In memoriam Bauke Hijlkema

Bauke Hijlkema

 

 

 

 



*19 augustus 1934 - † 12 februari 2018

In Bauke’s portemonnee vond Piet een briefje met een tekst, een regel uit Psalm 32: “Ik wil een weg met je gaan, zegt God, Mijn oog is op jou gericht.” En toen ik het levensverhaal van Bauke hoorde, viel mij op dat wat Bauke hier zegt van God, door zijn gezin werd gezegd over Bauke. “Ik wil een weg met je gaan, Mijn oog is op jou gericht.” Bauke ging zélf een weg met zijn gezin, en altijd had hij z’n oog op hen gericht, tot het laatst aan toe. Dat was letterlijk zo: als ze op reis gingen had Bauke de kaart al uitvoerig bestudeerd, en reed hij zonder mankeren naar de bestemming. Het liefst zat hij achter het stuur, en zelfs jaren later kon hij je nog precies vertellen hoe je moest rijden. En dat allemaal zonder TomTom.

Maar het gold ook in overdrachtelijke zin: “Ik wil een weg met je gaan, Mijn oog is op jou gericht.” Bauke was er bij, op elke weg die ze gingen: hij volgde hen allemaal met belangstelling, gaf adviezen, je kon met hem overleggen, en hij stond je met raad en daad terzijde. Hij kon heel goed luisteren; oordelen - laat staan veroordelen - deed hij niet. Hij straalde een grote rust uit, en kon je kalmeren als je in paniek was.

De weg die hij zelf moest gaan ging niet over rozen: dertig jaar terug, in 1988, hoorde hij de uitslag van de onderzoeken, en hoe slecht het allemaal leek, het einde leek nabij. En op datzelfde moment werd Anne geboren, z’n oudste kleindochter. Een groots hoogtepunt – én een dieptepunt: mineur en majeur inéén, niet te bevatten. En elke keer nog als hij Anne zag, pakte hij haar vast, en benoemde dat: jij bent m’n eerste kleinkind!

Maar ook nu, op het eind van z’n leven, was daar de tegenstelling van de geboorte van z’n eerste achterkleinkind Emmy, en z’n eigen sterven.
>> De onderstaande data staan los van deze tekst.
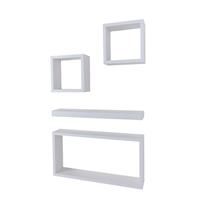 Core Products, Hudson 4-Piece Wall Shelf Set - Matt White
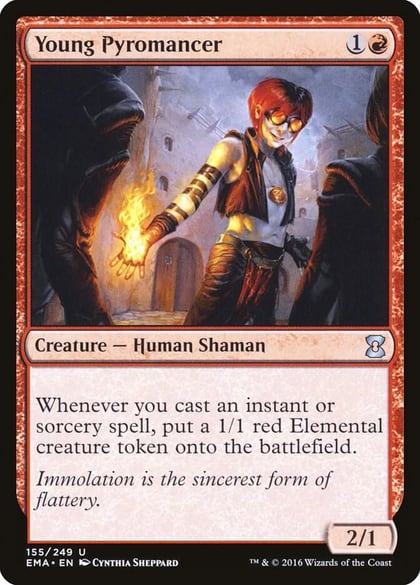 Young Pyromancer, Eternal Masters 155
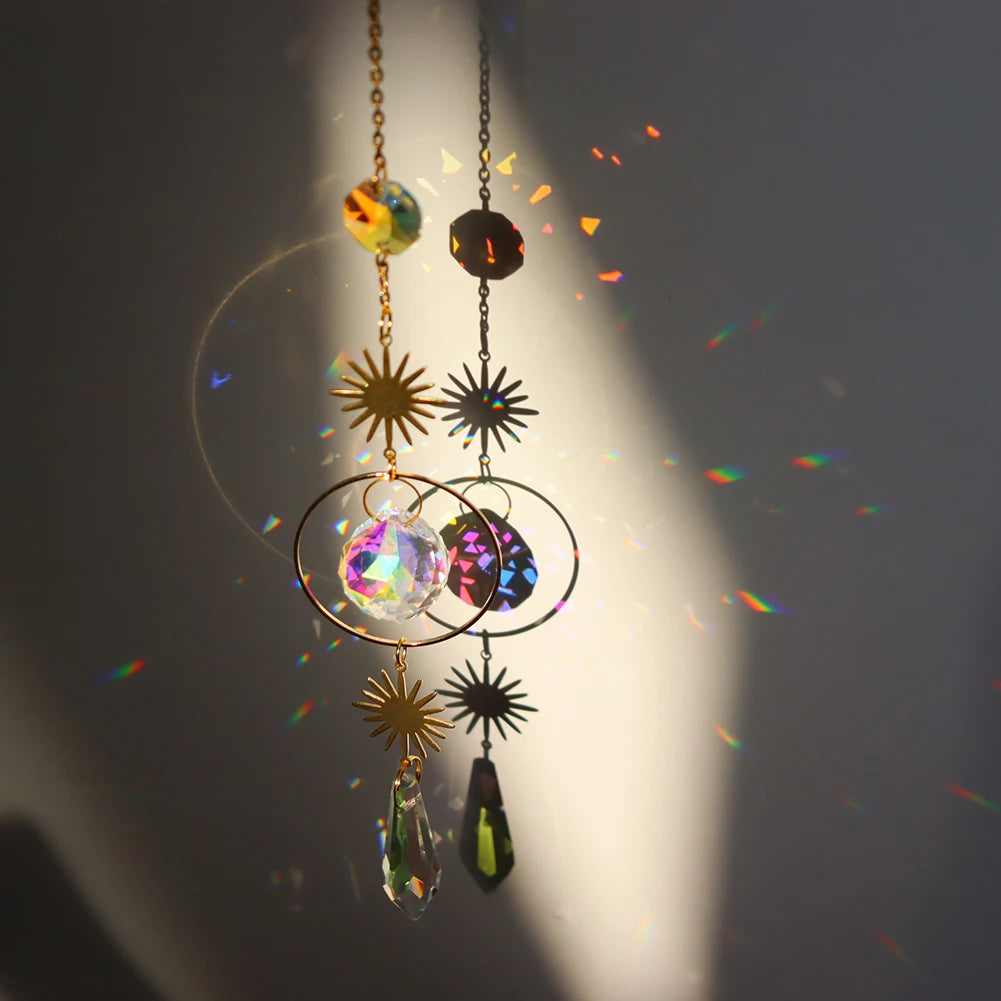 Crystal Rainbow Sun Catcher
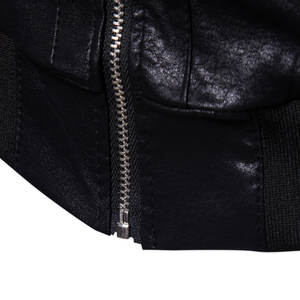 Chaqueta de Cuero con Capucha de Diseño Personalizado, Nuevo Estilo, Chaqueta de Cuero con Capucha Suave y Cómoda para Uso Diario - Product Image 5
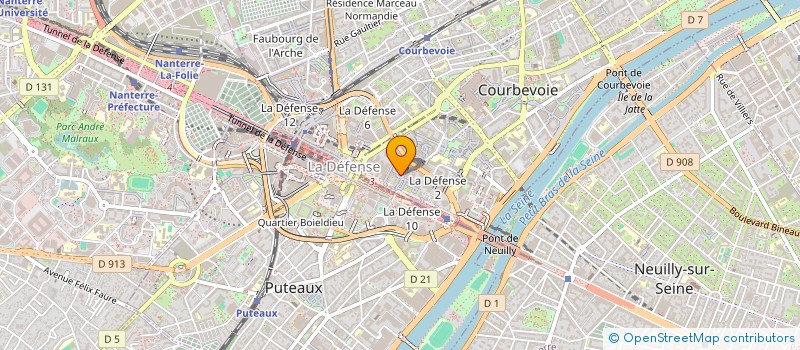 localisation de l'entreprise LANDWELL & PARTNERS à COURBEVOIE
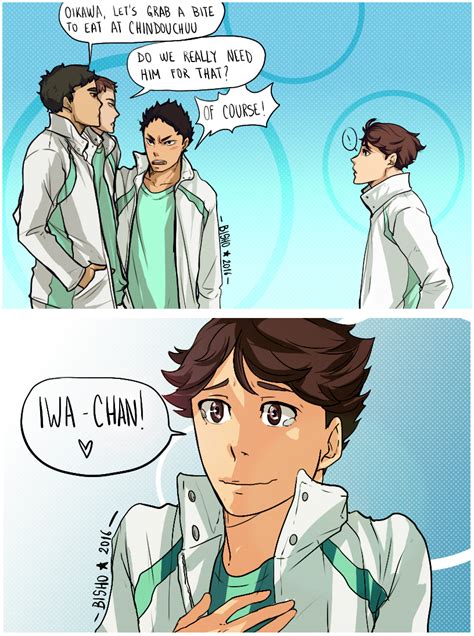 Haikyuu - Stage Play - IwaOi by Bisho-s on DeviantArt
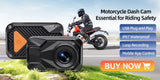 2K Dual Lens Motorcycle Dash Cam WiFi Waterproof for Moto Dashcam AKAMATE
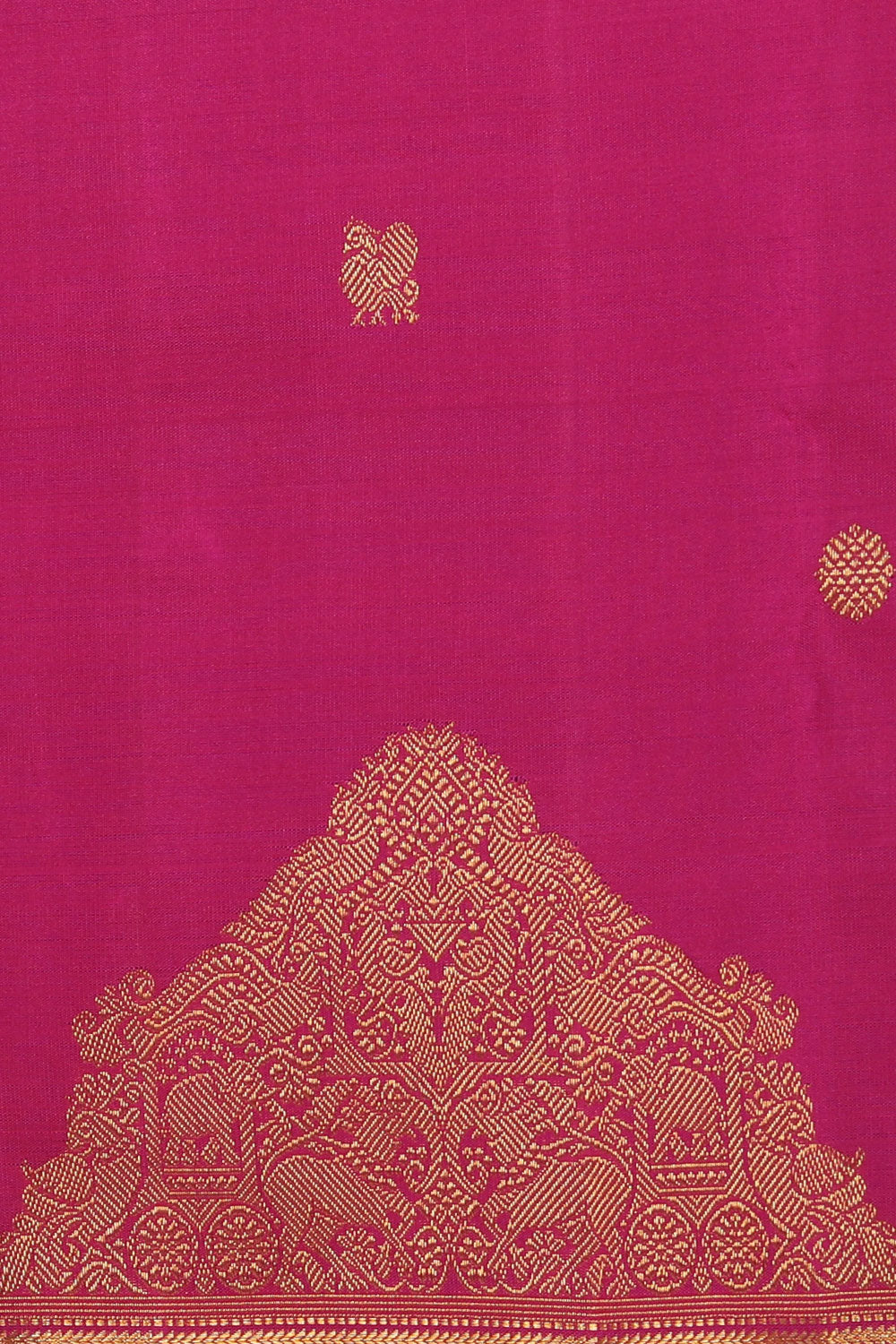 Image of Gorgeous Magenta-Pink Saree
Wat fijn dat hij haar zelfs op de laatste avond nog in z’n armen heeft gehad.

In die dertig jaar van z’n 53e tot z’n 83e heeft hij bovenmenselijk veel onderzoeken en operaties gehad. Maar iedere keer als hij de operatiekamer ingereden werd wist hij: ik ga niet alleen. Er was Iemand die een oog op hem hield en de weg mét hem ging. Dat hield hem op de been. Nooit hoorde je hem klagen, hij was ondanks z’n ziekte geen zieke man, vader, opa. Nee, Bauke genoot van het leven, met volle teugen. Je zág het aan hem, aan z’n ogen vooral, hij genoot in stilte. Veel woorden had hij niet nodig, een enkele blik was genoeg.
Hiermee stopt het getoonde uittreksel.